↓

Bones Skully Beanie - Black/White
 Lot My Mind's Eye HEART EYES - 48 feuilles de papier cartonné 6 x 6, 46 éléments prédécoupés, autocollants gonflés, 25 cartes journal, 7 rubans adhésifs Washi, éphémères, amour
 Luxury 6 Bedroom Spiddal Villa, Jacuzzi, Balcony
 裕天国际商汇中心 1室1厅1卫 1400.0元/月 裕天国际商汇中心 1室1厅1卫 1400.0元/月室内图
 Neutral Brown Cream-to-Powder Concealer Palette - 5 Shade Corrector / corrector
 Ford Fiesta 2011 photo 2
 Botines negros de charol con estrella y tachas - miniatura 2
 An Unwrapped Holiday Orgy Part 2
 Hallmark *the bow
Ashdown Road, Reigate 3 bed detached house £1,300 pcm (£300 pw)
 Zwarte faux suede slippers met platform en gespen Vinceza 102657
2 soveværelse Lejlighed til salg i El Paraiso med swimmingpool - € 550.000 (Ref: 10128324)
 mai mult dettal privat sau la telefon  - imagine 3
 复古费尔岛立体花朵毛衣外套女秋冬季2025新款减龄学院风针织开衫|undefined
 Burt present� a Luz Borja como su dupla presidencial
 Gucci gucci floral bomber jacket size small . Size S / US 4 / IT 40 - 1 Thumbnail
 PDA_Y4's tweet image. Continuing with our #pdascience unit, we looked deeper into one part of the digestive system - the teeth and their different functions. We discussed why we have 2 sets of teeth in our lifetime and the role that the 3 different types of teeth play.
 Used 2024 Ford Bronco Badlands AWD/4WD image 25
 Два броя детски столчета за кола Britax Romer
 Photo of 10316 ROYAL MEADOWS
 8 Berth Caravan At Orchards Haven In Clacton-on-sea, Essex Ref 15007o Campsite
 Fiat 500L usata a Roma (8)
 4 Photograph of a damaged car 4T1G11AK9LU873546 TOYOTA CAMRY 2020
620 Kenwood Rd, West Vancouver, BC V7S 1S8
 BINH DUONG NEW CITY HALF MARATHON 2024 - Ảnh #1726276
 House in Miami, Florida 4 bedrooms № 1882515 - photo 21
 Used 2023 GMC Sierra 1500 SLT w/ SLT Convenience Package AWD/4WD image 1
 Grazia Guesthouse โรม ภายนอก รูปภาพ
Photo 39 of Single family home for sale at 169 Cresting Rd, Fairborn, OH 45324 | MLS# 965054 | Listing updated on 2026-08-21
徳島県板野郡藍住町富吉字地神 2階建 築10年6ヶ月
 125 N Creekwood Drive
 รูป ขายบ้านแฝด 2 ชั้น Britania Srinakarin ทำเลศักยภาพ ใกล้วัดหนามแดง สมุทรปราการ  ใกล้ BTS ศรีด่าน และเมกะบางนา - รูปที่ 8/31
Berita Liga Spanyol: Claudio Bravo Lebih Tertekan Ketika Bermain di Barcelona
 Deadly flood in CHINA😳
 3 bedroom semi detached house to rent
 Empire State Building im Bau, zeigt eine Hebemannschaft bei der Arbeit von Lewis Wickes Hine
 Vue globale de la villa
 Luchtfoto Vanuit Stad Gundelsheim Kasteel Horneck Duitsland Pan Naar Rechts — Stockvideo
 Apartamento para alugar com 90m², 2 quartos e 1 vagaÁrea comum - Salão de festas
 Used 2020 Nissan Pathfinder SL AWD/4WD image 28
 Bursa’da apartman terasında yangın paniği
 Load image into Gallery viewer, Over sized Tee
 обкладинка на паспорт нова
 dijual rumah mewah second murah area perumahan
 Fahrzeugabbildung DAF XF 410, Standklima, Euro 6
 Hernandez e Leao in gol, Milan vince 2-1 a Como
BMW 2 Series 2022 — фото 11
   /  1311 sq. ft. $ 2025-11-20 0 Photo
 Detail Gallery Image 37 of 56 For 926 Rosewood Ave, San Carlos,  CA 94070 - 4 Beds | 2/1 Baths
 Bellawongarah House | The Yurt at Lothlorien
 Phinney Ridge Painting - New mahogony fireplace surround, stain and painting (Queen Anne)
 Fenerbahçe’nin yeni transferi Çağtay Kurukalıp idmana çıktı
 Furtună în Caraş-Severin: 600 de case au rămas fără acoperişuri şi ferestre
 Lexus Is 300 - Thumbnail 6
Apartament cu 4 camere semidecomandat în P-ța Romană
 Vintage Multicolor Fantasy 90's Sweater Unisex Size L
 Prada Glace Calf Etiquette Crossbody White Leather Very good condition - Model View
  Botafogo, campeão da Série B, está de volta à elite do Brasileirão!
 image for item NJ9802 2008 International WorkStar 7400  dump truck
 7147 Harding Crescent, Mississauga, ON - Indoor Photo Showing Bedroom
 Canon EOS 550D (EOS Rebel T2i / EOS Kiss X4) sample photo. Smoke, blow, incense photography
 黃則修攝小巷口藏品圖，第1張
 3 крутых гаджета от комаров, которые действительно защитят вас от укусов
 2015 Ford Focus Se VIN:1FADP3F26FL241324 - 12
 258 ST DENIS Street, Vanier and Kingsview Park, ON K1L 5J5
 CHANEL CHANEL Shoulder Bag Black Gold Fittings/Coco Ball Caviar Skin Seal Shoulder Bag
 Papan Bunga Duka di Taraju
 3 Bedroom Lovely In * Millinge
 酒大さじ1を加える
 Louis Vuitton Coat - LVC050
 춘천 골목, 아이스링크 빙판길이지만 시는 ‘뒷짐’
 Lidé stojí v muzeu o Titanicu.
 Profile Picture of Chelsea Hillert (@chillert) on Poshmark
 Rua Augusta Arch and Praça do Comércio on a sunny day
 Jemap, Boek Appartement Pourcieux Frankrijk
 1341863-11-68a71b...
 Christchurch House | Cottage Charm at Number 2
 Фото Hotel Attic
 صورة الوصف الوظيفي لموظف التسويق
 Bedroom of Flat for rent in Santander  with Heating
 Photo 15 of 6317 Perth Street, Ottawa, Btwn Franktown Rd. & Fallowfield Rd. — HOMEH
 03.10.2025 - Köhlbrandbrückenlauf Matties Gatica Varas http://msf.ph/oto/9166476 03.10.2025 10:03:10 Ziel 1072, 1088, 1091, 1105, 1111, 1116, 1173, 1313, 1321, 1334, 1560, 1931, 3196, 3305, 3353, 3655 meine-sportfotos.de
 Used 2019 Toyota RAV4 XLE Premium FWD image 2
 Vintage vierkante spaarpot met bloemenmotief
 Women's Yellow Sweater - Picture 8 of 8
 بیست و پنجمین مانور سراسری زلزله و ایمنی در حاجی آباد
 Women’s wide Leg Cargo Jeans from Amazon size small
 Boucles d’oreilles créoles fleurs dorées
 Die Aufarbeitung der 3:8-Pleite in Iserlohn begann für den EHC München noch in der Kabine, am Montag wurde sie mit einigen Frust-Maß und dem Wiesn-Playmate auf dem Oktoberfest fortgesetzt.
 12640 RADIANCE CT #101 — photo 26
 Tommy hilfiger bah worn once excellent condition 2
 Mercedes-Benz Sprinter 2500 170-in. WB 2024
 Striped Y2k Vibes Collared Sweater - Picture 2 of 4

↑

## Task directions:
Your task is to retype the entries verbatim, starting with the line that holds "Burt present� a" and stopping after the line that holds "Photo of 10316 ROYAL MEADOWS".

## Solved exercise:
 Burt present� a Luz Borja como su dupla presidencial
 Gucci gucci floral bomber jacket size small . Size S / US 4 / IT 40 - 1 Thumbnail
 PDA_Y4's tweet image. Continuing with our #pdascience unit, we looked deeper into one part of the digestive system - the teeth and their different functions. We discussed why we have 2 sets of teeth in our lifetime and the role that the 3 different types of teeth play.
 Used 2024 Ford Bronco Badlands AWD/4WD image 25
 Два броя детски столчета за кола Britax Romer
 Photo of 10316 ROYAL MEADOWS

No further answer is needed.